== Task brief ==
Only the lines from the start of the data through the line with "Dvd Lick Library Learn To Play Bryan Adams" belong in the copy. Restate them word for word, minus the pictures.

*** Supplied entries Section Begins ***

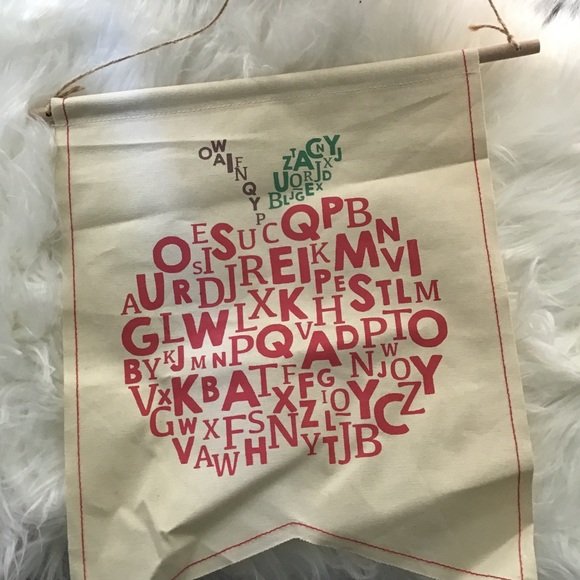 Apple 🍎 Teacher ABCs Wall Hanging Decor - Picture 3 of 4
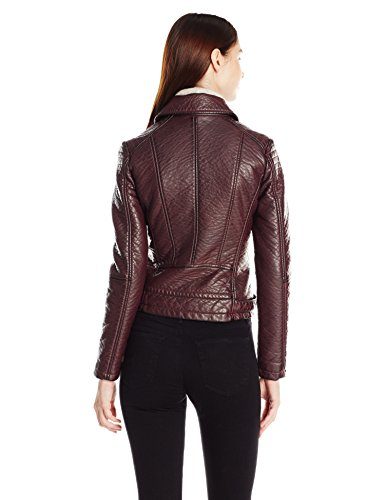 GUESS-Womens-Almost-Leather-Moto-Jacket-Pu-0-0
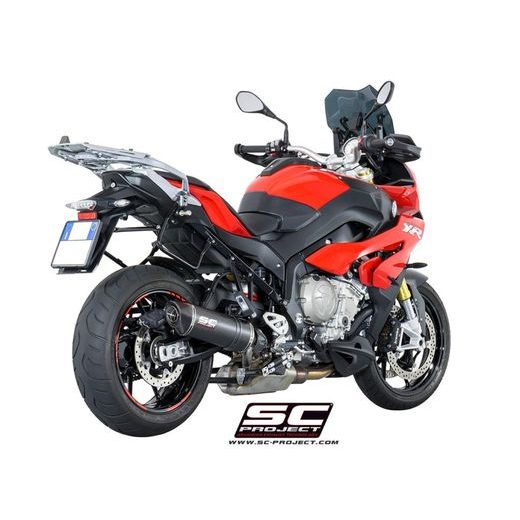 VÝFUKOVÝ SYSTÉM SC PROJECT PRO BMW - S 1000 XR (2015 - 2016) - OVAL MUFFLER, LOW POSITION, CARBON FIBER, WITH CARBON FIBER END CAP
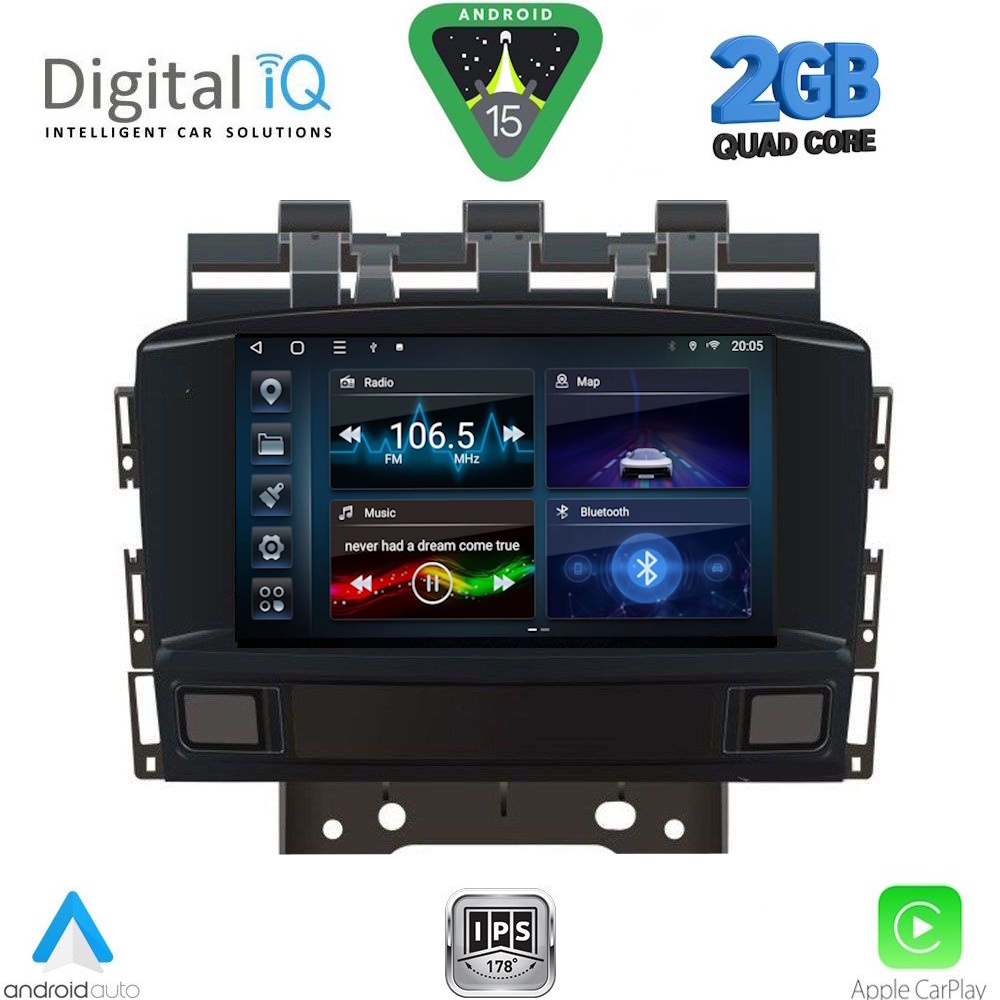 DIGITAL IQ BLD 272_CPA (7" DECK) MULTIMEDIA SYSTEM for OPEL ASTRA J mod. 2011-2016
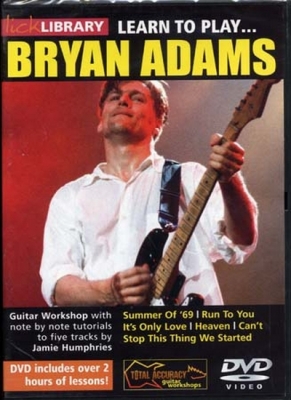 Dvd Lick Library Learn To Play Bryan Adams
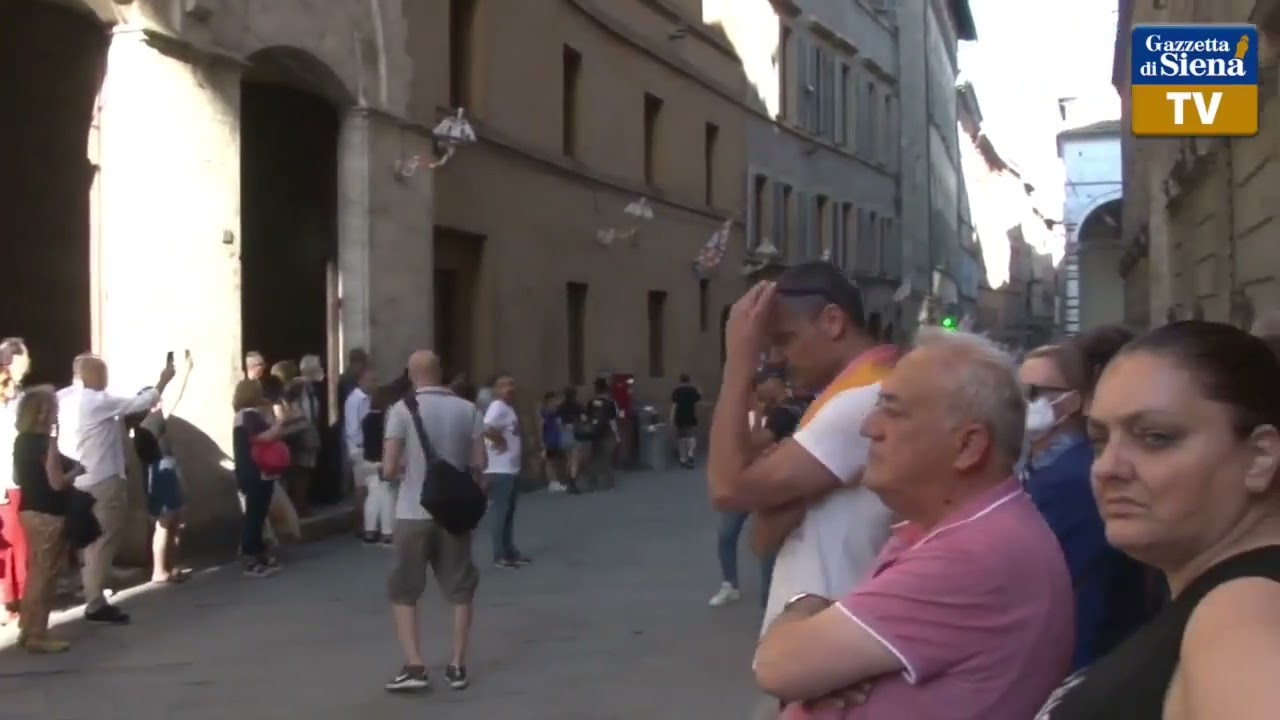 Sogno Palio arrivo dei Popoli 30 giugno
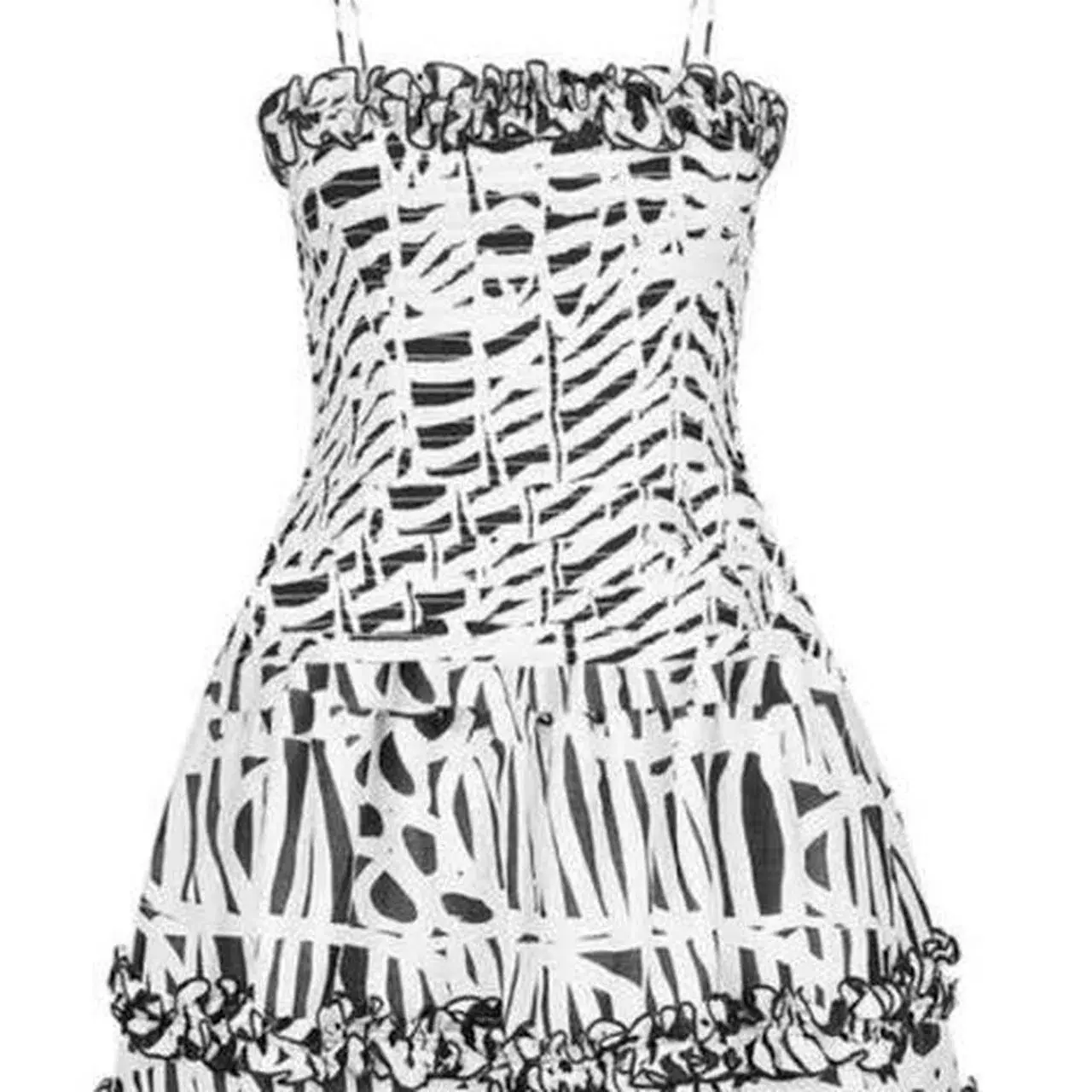 Aje Tribola Dress Print Size 10  - Image 3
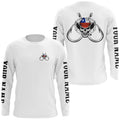 Texas Flag Texas Cowboy Skull Fishing, Personalized Texas Fishing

*** Supplied entries Section Ends ***

== Response area ==
 Apple 🍎 Teacher ABCs Wall Hanging Decor - Picture 3 of 4
 GUESS-Womens-Almost-Leather-Moto-Jacket-Pu-0-0
 VÝFUKOVÝ SYSTÉM SC PROJECT PRO BMW - S 1000 XR (2015 - 2016) - OVAL MUFFLER, LOW POSITION, CARBON FIBER, WITH CARBON FIBER END CAP
 DIGITAL IQ BLD 272_CPA (7" DECK) MULTIMEDIA SYSTEM for OPEL ASTRA J mod. 2011-2016
 Dvd Lick Library Learn To Play Bryan Adams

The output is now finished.